No Supremo Tribunal Federal, o julgamento da ação direta de inconstitucionalidade impetrada pelo PTB tem o placar de quatro votos a favor da reeleição e três divergências. O ministro Nunes Marques adotou entendimento de que apenas Davi Alcolumbre, no Senado, poderia ser reeleito. “Se o Presidente da República pode ser eleito uma única vez – corolário do princípio democrático e republicano – por simetria de dever e integridade, este mesmo limite deve ser aplicado aos Presidentes da Câmara dos Deputados e do Senado Federal”, afirmou no voto. 

Doutor em Direito Constitucional, Felipe Braga avalia que ambas as eleições são inconstitucionais. “O mandato é de quatro anos, não é possível dentro desses quatro anos uma reeleição. Já há parecer da Câmara e Senado no sentido de que, se eu me reeleger para um novo mandato, aí eu poderia realmente me reconduzir ao cargo. Nesse caso, não vejo problema, não há deturpação do texto constitucional. Mas manter a reeleição durante os quatro anos de um mandato é algo que fere de modo muito claro, muito expresso, o texto da Constituição. Por mais que tenha Regimento Interno, pareceres, no sentido contrário, essas normas não podem violar o texto da Constituição”, assegura. 
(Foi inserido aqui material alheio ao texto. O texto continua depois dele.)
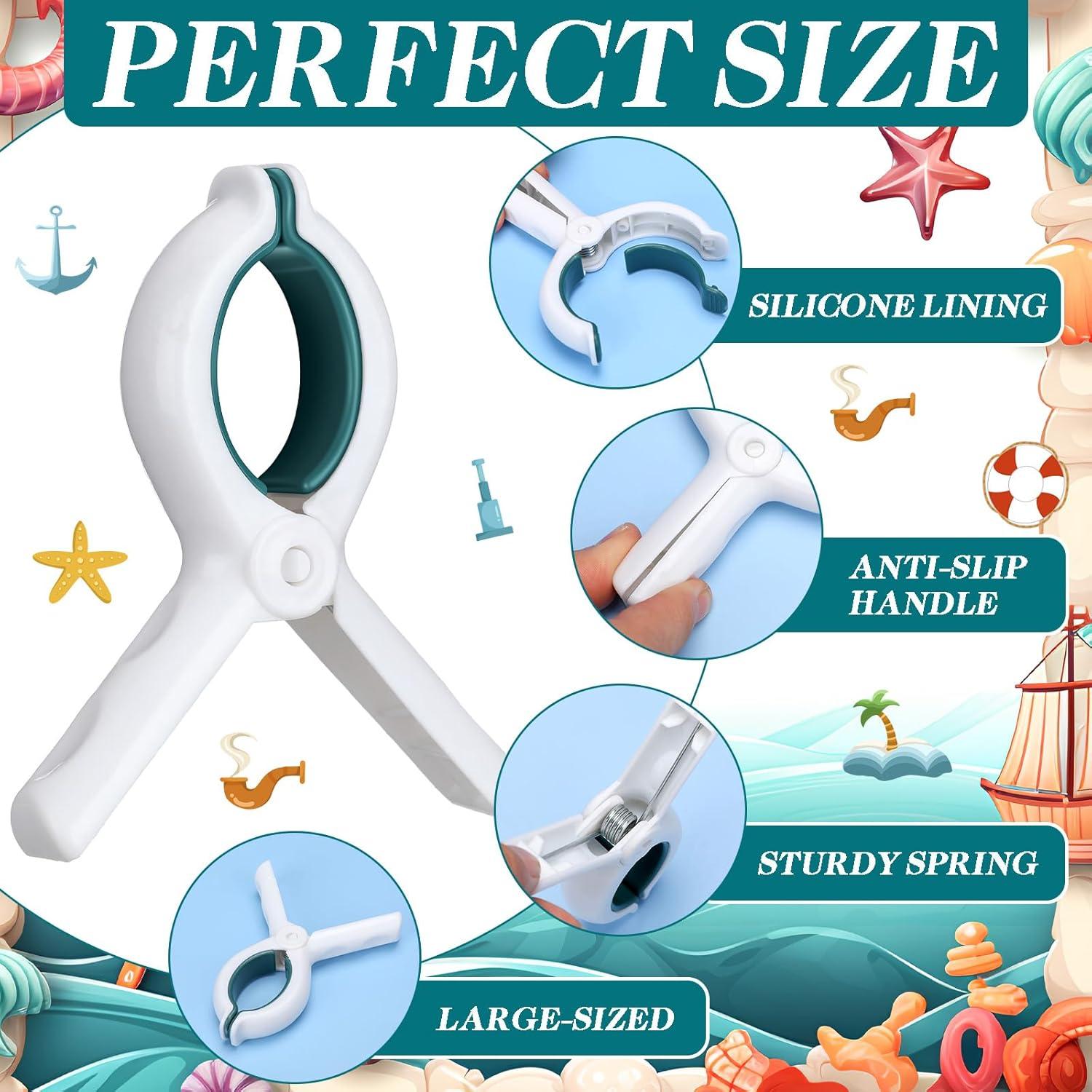 Clips para Toallas de Barco Hushee DUN2982 - 8 Piezas Resistentes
O jurista critica o entendimento adotado pelo relator, ministro Gilmar Mendes, e seguido pelos colegas Ricardo Lewandowski, Alexandre de Moraes e Dias Toffoli. “Eu discordo muito da decisão do Supremo. Porque eles seguem uma interpretação de que essa norma foi criada na Constituição anterior, no Regime Militar, e que o contexto atual seria outro. Mas o dispositivo foi recepcionado e copiado pela Constituição de 1988, então eu não acho que esse resquício do período militar seja fundamento para que você julgue inconstitucional uma norma da Constituição, desvalide aquilo que ele claramente está querendo demonstrar. O caso seria de ser feita uma emenda constitucional”, explica Felipe Braga. 

Estados

Apesar do impasse no Congresso, no País há, em cidades e estados, inúmeros casos de reeleição que chamam atenção. Themístocles Filho (MDB), por exemplo, preside a Assembleia Legislativa do Piauí desde 2005.

Ceará

No Ceará, recentemente Zezinho Albuquerque (PDT) comandou a Mesa Diretora da Assembleia por três biênios (2013/ 2014, 2015/2016 e 2017/2018), em duas legislaturas diferentes. Em ambos os casos, as constituições estaduais permitem a reeleição.

Placar

No STF, até agora, Gilmar Mendes, Dias Toffoli, Ricardo Lewandowski e Alexandre de Moraes admitiram a possibilidade de reeleição. Já Marco Aurélio Mello, Cármen Lúcia e Rosa Weber defenderam barreira à reeleição. Nunes Marques foi a favor de regra intermediária.